Le tribunal de Marseille, appelé à se prononcer sur les intérêts civils, a condamné cette société espagnole à verser 80 394 029 millions d'euros à l'Urssaf en « réparation du préjudice financier » provoqué par le non-paiement des cotisations et contributions sociales à cet organisme chargé de les collecter auprès des entreprises françaises.

Contactés par l'AFP, les avocats de Terra Fecundis n'ont pas donné suite aux demandes de réaction.

Pendant quatre ans, de 2012 à 2015, Terra Fecundis a envoyé plus de 26 000 ouvriers, originaires d'Amérique du Sud, d'Equateur pour la plupart, dans des exploitations agricoles françaises, dans le Gard, les Bouches-du-Rhône ou la Drôme.

« Il s'agit du plus important dossier de fraude à la Sécurité sociale jamais jugé en France », avait souligné l'avocat de l'Urssaf Provence-Alpes-Côte d'Azur, Me Jean-Victor Borel, lors du procès au tribunal correctionnel en mai 2021.

Reconnue coupable de dumping social, l'entreprise officiellement basée à Murcie (sud de l'Espagne) avait été condamnée le 8 juillet 2021 par le tribunal de Marseille à 500 000 euros d'amende. Quatre ans de prison avec sursis et 100 000 euros d'amende avait également été prononcés contre les trois dirigeants espagnols. Vendredi, tous les trois ont été reconnus solidairement responsables des préjudices subis par les organismes sociaux parties civiles et devront donc personnellement participer au paiement des 80 millions d'euros.

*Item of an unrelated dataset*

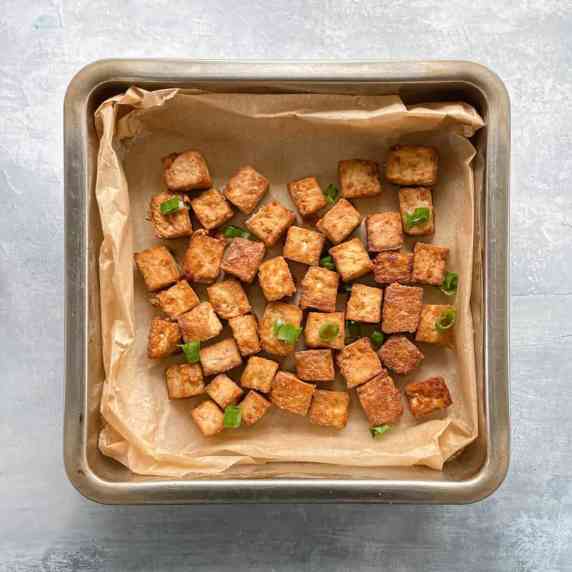 parchment-lined pan with crispy baked tofu garnished with scallions.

L'entreprise avait été reconnue coupable d'avoir détourné la procédure européenne du détachement qui permet aux entreprises de faire travailler du personnel à l'étranger, mais uniquement pour des missions limitées dans le temps.

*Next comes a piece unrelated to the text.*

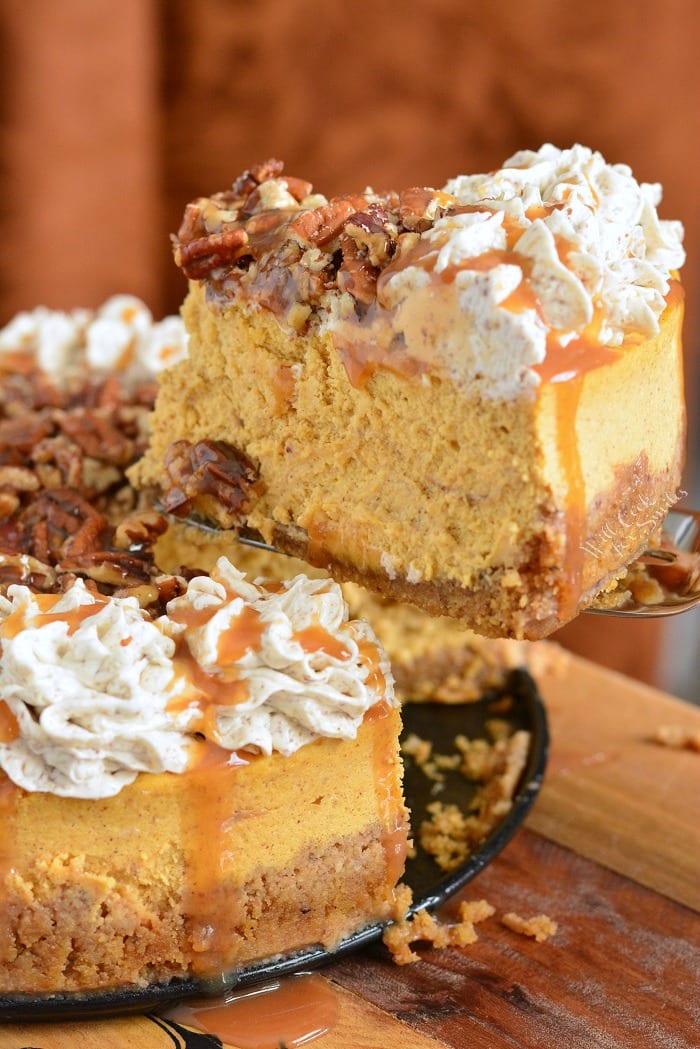 Caramel Pecan Pumpkin Cheesecake on a cutting board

Or, Terra Fecundis a rémunéré ces travailleurs détachés au salaire minimum français, mais payé ses charges sociales en Espagne où elles sont jusqu'à 40 % moins élevées, rendant cette main-d'œuvre vulnérable moins chère pour les agriculteurs français.

Le procès avait mis en lumière les conditions de travail harassantes de ces travailleurs précaires peu enclins à se défendre. « C'est Germinal dans les exploitations agricoles avec Terra Fecundis, la Bête humaine est devenue une entreprise de travail temporaire », avait tancé le parquet en évoquant des romans d'Emile Zola sur les ouvriers du XIXe siècle.

« Voix des travailleurs entendue »

L'accusation avait souligné le fait que les travailleurs étaient « parfois hébergés dans des conditions où on ne pourrait même pas héberger des animaux » et qu'ils n'étaient pas payés à hauteur du travail effectué.

Des ouvrières affectées à l'emballage des fruits travaillaient notamment de 06H00 ou 07H00 le matin à 21H00 ou 22H00 le soir, selon l'accusation. Des ramasseurs d'asperges avaient également expliqué travailler dans les champs jusqu'à 70 heures par semaine, dimanche compris quand d'autres n'avaient bénéficié que d'un seul jour de congés pour une quarantaine de jours travaillés.

« Nous n'avons jamais eu de sanctions de la part de l'Inspection du travail de Murcie », s'était défendu Juan Jose Lopez Pacheco, seul des trois dirigeants présent au procès l'année dernière, assurant que l'entreprise « régularisait les heures à la fin de la mission » du salarié détaché.

Le responsable s'était en outre étonné de l'absence des exploitants agricoles français devant ce tribunal.

Les plus de 80 millions d'euros de réparation infligés à Terra Fecundis vendredi constituent « une victoire symbolique importante grâce à laquelle la voix des travailleurs a été entendue », a réagi l'avocat du syndicat CFDT, partie civile, Me Vincent Schneegans.

« C'est une décision très satisfaisante et en même temps frustrante car les travailleurs agricoles qui n'osent pas agir par peur des représailles n'ont pas de réparation directe », a-t-il ajouté. Le syndicat a obtenu vendredi le versement de 30 000 euros en réparation d'un préjudice moral.